La mutante le fixa. Son cou fin s'était tordu d'un tour et demi. Du sang sourdait de la chair déchirée. Ses yeux ternes débordaient d'un désir dégoûtant, et sa langue pendait. Un instinct reproducteur impuissant d'une mutante au bord de la mort. La fille morte versa des larmes. Il était difficile d'y voir une vraie réponse émotionnelle.
En posant le corps, Gyeo-ul compta ceux qui restaient.
S'il s'en sortait bien, il pourrait tout gérer sans gaspiller une seule balle.
Après avoir éliminé en silence cinq autres paires de sentinelles, cela devint une routine monotone mais silencieuse. Même ainsi, il se pressait — il n'y aurait pas de long répit avant le prochain hélicoptère. L'agente Gibson ne pouvait lui acheter que tant de temps.
Alors — un homme monstrueux apparut.
...?!
Gyeo-ul tressaillit de surprise. Son ajustement sensoriel ne lui donna aucun avertissement. Aux réflexes d'un mutant moyen, cette distance pouvait être comblée en trois respirations. L'homme était blotti dans un coin d'ombre, rongeant ses doigts tout en observant les mises à mort répétitives, un travail presque semblable à du labeur.
Pourquoi Gyeo-ul ne l'avait-il pas remarqué ? Il n'était pas quelqu'un qui se fiait uniquement à ses sens — il connaissait les limites du système. Dans un moment empli de certitude, le système refléterait cette certitude.
Pourrait-ce être « Dissimulation de présence » ? Non, impossible. Cela nécessitait que « Sens de survie » et « Sens du combat » soient significativement améliorés ; même le Gyeo-ul actuel pouvait à peine envisager de l'essayer.
La possibilité restante était que l'homme soit là depuis le début. S'il ne bougeait pas et n'était pas hostile, il n'y avait aucune raison pour que « Sens de survie » ou « Sens du combat » le détectent. Mais même cela semblait insuffisant — pourquoi les mutants le laisseraient-ils tranquille ?
Un homme barbu s'approcha. Face au canon que Gyeo-ul braquait avec une prudence farouche, il leva les mains avec une expression effrayée.
« S-s'il vous plaît, aidez-moi. Je vous c-connais. H-h-Han Gyeo-ul, L-lieutenant. Hé ! »
Sa voix était forte. Les choses que Gyeo-ul n'avait pas encore réussi à tuer réagirent — il y en avait pas mal. Crack, crack, crack. Le bruit sec d'articulations raides forcées de bouger.

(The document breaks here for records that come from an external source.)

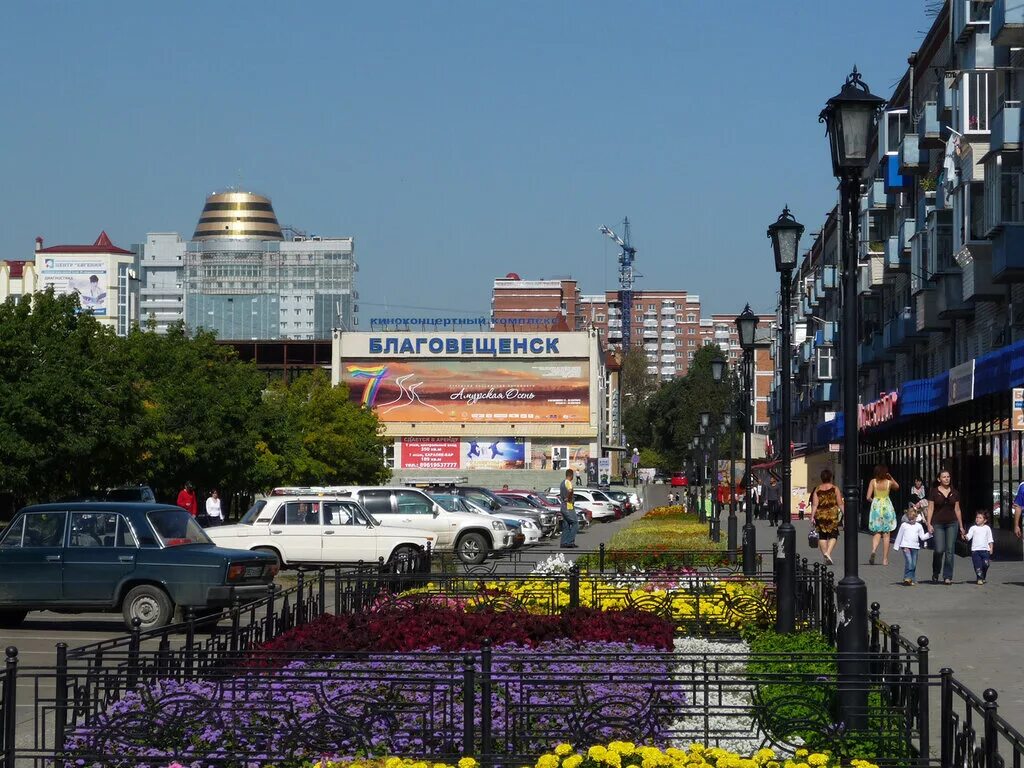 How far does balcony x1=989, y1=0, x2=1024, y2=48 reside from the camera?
32.1m

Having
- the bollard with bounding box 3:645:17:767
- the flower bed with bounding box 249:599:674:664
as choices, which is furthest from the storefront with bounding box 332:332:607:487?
the bollard with bounding box 3:645:17:767

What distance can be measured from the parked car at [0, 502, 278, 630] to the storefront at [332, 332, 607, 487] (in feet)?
343

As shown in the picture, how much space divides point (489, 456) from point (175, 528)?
328ft

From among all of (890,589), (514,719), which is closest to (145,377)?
(890,589)

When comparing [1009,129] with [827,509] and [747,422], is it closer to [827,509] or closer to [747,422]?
[747,422]

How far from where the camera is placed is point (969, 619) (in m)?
18.9

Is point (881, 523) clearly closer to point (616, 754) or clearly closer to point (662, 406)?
point (616, 754)

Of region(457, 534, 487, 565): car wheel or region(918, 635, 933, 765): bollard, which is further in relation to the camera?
region(457, 534, 487, 565): car wheel

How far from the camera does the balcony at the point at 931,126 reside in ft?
146

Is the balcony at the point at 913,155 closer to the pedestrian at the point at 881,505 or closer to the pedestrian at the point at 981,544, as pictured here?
the pedestrian at the point at 881,505

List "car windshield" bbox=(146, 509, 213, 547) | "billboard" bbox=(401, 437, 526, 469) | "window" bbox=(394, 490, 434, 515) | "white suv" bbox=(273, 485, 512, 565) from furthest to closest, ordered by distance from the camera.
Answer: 1. "billboard" bbox=(401, 437, 526, 469)
2. "window" bbox=(394, 490, 434, 515)
3. "white suv" bbox=(273, 485, 512, 565)
4. "car windshield" bbox=(146, 509, 213, 547)

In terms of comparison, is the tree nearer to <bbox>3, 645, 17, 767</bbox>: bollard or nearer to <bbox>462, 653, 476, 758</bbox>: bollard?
<bbox>3, 645, 17, 767</bbox>: bollard

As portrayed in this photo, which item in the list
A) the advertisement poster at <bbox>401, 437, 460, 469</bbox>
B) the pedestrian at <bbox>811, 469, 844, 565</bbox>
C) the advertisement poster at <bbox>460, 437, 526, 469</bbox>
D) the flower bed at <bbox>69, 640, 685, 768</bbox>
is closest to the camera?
the flower bed at <bbox>69, 640, 685, 768</bbox>

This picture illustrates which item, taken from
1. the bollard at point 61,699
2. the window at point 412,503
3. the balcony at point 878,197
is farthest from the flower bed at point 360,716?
the balcony at point 878,197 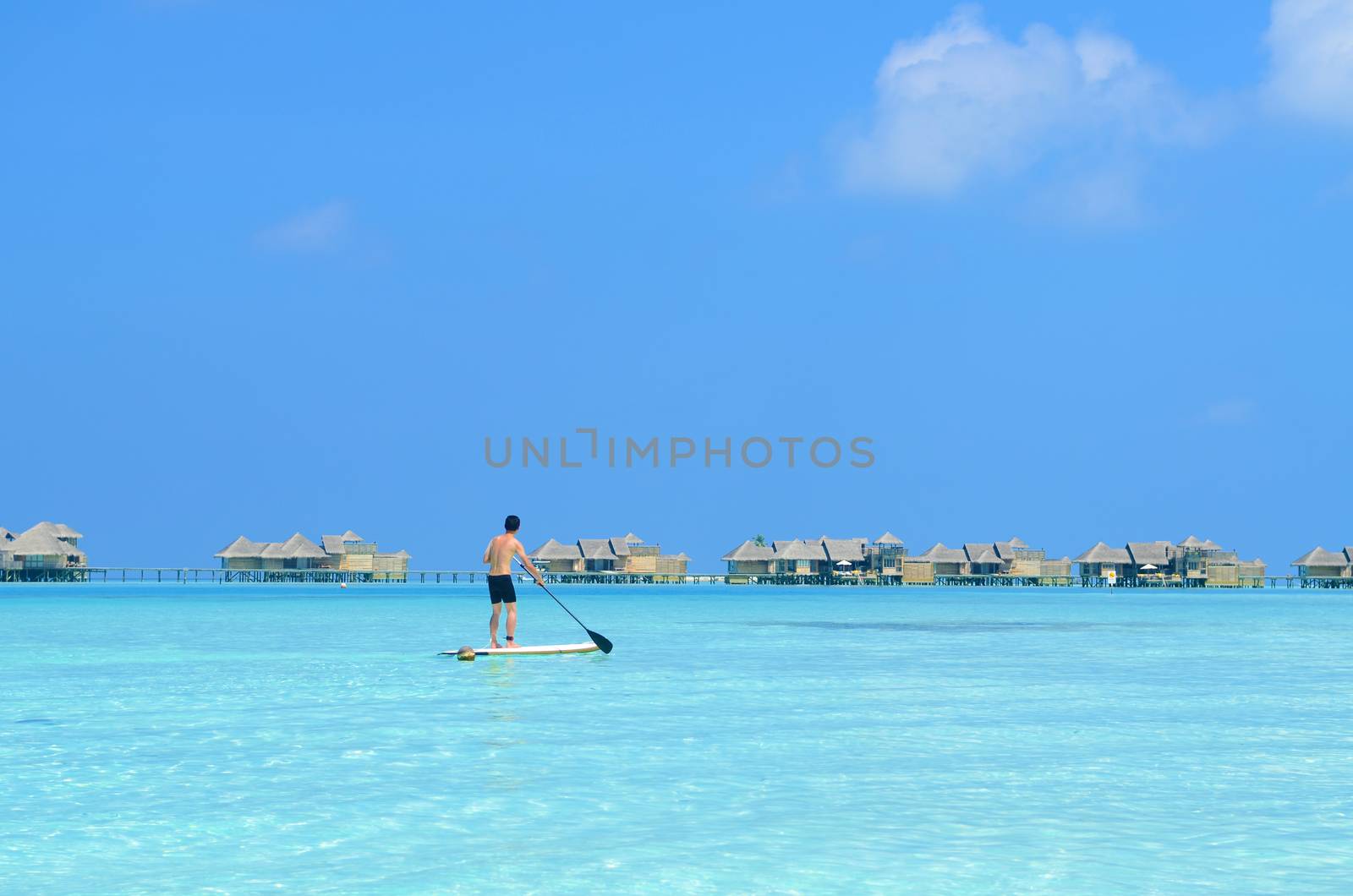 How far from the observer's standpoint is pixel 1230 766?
973 centimetres

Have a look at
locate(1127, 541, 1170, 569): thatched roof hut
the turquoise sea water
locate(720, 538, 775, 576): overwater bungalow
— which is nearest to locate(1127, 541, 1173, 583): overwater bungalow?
locate(1127, 541, 1170, 569): thatched roof hut

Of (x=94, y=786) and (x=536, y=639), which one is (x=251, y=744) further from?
(x=536, y=639)

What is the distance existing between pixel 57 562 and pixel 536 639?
85270mm

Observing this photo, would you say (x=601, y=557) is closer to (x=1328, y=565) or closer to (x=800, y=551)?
(x=800, y=551)

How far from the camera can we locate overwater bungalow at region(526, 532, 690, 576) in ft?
350

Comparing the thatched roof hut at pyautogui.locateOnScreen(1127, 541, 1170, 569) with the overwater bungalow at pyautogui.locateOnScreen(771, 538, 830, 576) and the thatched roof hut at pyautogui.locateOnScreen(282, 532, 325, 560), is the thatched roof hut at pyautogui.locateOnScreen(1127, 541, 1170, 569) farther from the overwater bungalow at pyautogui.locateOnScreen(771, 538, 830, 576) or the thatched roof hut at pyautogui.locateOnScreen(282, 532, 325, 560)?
the thatched roof hut at pyautogui.locateOnScreen(282, 532, 325, 560)

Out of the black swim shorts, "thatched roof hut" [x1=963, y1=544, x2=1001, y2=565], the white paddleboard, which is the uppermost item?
"thatched roof hut" [x1=963, y1=544, x2=1001, y2=565]

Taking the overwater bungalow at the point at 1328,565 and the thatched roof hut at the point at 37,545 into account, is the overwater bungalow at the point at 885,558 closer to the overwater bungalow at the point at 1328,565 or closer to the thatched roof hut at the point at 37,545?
the overwater bungalow at the point at 1328,565

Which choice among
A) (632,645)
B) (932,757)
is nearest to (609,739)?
(932,757)

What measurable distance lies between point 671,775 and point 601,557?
324 ft

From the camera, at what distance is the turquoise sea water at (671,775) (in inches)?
261

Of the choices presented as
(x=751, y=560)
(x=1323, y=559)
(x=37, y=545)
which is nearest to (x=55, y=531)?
(x=37, y=545)

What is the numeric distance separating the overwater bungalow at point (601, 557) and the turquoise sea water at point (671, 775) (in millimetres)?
87038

Jugeant que l'homme n'était pas un monstre, Gyeo-ul l'attrapa par la nuque et le jeta dans un kiosque — une sorte de supérette. Waaah ! L'homme cria. Gyeo-ul lui braqua à nouveau son arme.
« Silence ! »
La menace graveleuse et basse fonctionna. L'homme se couvrit la bouche. Il gémissait doucement, pleurant entre ses doigts. Dehors, de lourdes pas passèrent. Même à l'intérieur des vitrines, il y avait du mouvement. Gyeo-ul sauta par-dessus le comptoir, atterrissant juste devant un mutant nouvellement réveillé — avant qu'il ne puisse ne serait-ce que croiser son regard, il frappa vers le haut avec son arme.

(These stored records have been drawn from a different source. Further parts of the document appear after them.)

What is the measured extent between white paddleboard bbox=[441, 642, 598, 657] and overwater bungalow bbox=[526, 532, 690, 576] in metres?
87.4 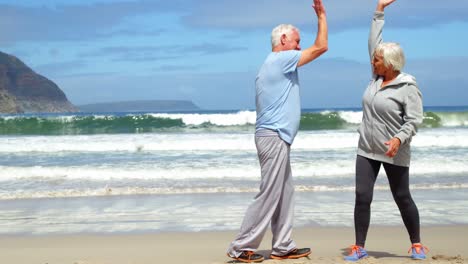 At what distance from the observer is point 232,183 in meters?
10.5

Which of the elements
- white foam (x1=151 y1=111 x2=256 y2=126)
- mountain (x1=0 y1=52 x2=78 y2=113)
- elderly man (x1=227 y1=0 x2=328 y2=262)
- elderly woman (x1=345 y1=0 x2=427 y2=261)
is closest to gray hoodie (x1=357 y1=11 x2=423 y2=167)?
elderly woman (x1=345 y1=0 x2=427 y2=261)

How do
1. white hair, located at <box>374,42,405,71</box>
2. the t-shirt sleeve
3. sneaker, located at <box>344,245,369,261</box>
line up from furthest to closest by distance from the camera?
sneaker, located at <box>344,245,369,261</box> → white hair, located at <box>374,42,405,71</box> → the t-shirt sleeve

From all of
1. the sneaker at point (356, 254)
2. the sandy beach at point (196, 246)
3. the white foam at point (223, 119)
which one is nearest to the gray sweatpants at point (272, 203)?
the sandy beach at point (196, 246)

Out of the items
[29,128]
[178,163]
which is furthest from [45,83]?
[178,163]

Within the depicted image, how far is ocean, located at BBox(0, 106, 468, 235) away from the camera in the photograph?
6.96m

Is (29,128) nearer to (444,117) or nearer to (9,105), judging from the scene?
(444,117)

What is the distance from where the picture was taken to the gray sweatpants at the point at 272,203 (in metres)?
4.60

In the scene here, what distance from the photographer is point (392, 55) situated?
464 cm

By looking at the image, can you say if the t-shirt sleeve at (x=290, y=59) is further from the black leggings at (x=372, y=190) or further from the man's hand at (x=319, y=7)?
the black leggings at (x=372, y=190)

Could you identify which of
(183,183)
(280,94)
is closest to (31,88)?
(183,183)

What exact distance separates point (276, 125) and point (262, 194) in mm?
484

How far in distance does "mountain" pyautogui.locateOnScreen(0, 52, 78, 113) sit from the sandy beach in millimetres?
137130

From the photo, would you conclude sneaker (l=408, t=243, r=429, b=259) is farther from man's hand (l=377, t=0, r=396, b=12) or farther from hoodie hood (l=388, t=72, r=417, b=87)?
man's hand (l=377, t=0, r=396, b=12)

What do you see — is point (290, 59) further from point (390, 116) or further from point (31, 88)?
point (31, 88) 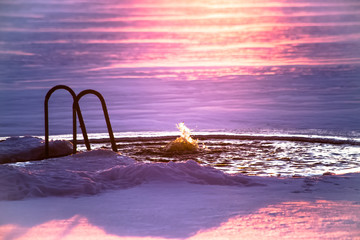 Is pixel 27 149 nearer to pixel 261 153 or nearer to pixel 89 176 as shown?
pixel 89 176

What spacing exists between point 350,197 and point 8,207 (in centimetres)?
332

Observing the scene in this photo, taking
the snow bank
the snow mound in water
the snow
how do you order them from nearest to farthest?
the snow
the snow mound in water
the snow bank

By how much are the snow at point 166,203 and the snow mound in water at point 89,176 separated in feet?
0.03

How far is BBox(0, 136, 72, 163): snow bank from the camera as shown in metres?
7.87

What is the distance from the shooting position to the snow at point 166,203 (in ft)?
15.1

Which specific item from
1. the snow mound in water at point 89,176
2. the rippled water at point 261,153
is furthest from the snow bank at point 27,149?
the snow mound in water at point 89,176

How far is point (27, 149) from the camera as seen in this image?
802 cm

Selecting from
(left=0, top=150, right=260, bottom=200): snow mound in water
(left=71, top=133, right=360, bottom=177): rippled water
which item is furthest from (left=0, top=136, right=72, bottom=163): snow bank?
(left=0, top=150, right=260, bottom=200): snow mound in water

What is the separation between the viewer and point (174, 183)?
20.3 ft

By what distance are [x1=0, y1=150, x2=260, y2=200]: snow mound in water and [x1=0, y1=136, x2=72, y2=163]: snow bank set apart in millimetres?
881

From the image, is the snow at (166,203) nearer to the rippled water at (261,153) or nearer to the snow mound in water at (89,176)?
the snow mound in water at (89,176)

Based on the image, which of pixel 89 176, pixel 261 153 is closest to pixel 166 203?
pixel 89 176

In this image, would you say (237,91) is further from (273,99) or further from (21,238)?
(21,238)

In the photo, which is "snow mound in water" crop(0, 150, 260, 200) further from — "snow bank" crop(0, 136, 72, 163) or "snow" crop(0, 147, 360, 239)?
"snow bank" crop(0, 136, 72, 163) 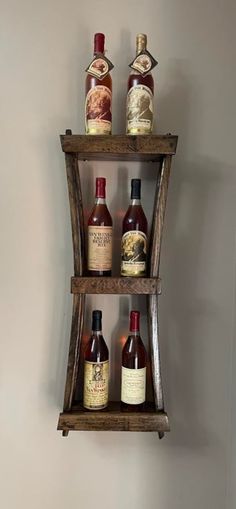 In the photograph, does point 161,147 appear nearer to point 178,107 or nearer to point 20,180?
point 178,107

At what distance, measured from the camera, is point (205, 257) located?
905 millimetres

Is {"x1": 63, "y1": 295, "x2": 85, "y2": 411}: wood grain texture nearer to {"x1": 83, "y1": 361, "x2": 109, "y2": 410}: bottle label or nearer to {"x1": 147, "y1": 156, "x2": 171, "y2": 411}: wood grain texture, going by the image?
{"x1": 83, "y1": 361, "x2": 109, "y2": 410}: bottle label

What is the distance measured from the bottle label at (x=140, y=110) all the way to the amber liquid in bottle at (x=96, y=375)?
0.40 metres

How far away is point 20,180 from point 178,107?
1.39 feet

Pak ! Un crâne se brisa sous la crosse. Le mutant s'effondra. Avant qu'il ne touche le sol, Gyeo-ul l'attrapa par le col et lui enfonça un genou en le tirant vers le bas. Pak ! Frappa encore, les yeux révulsés. Alors que le corps mou s'effondrait, Gyeo-ul l'acheva d'un coup de botte au cou. Sous la botte militaire silencieuse et pesante, chair et sang se mêlèrent. Crunch, crack, crunch.

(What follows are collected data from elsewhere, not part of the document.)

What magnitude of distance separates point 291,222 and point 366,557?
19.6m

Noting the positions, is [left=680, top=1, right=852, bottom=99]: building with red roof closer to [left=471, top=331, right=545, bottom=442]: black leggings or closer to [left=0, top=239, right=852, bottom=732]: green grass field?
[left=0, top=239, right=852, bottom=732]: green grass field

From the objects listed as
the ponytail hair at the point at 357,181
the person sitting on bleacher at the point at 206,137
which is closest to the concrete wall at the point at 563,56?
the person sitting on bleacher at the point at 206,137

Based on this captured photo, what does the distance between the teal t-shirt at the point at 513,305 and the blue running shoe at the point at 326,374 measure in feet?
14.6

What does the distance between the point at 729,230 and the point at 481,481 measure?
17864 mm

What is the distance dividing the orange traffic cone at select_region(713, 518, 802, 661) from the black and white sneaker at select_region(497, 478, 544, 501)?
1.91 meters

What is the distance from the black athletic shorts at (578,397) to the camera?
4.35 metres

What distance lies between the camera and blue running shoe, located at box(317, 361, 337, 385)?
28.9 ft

Une sensation glaciale fit tourner la tête de Gyeo-ul. L'homme barbu le regardait avec des yeux gonflés. Des pas affamés résonnaient dehors, mais il restait là, hagard, comme s'il ne ressentait aucun danger.
« Baisse la tête ! »
L'homme parut perplexe. Une fois de plus, Gyeo-ul dut le rabattre de force. Thud. Il le poussa à genoux derrière le comptoir, puis utilisa l'ombre pour surveiller l'extérieur.
« Mais qu'est-ce que ce type a ? »
De près, la puanteur de pourriture frappa Gyeo-ul si fort que son instinct serra ses doigts. La main qu'il avait saisie était grasse de pus. Les vêtements de l'homme étaient trempés de sécrétions nauséabondes — bien plus que de la sueur. À quoi ressemblaient ses vêtements en dessous ?
Huff, huff. À chaque respiration de l'homme, les mains de Gyeo-ul se tendaient instinctivement.
C'était une habitude. L'habitude de traiter avec les mutants. L'odeur était juste trop similaire, alors la réaction jaillissait instinctivement.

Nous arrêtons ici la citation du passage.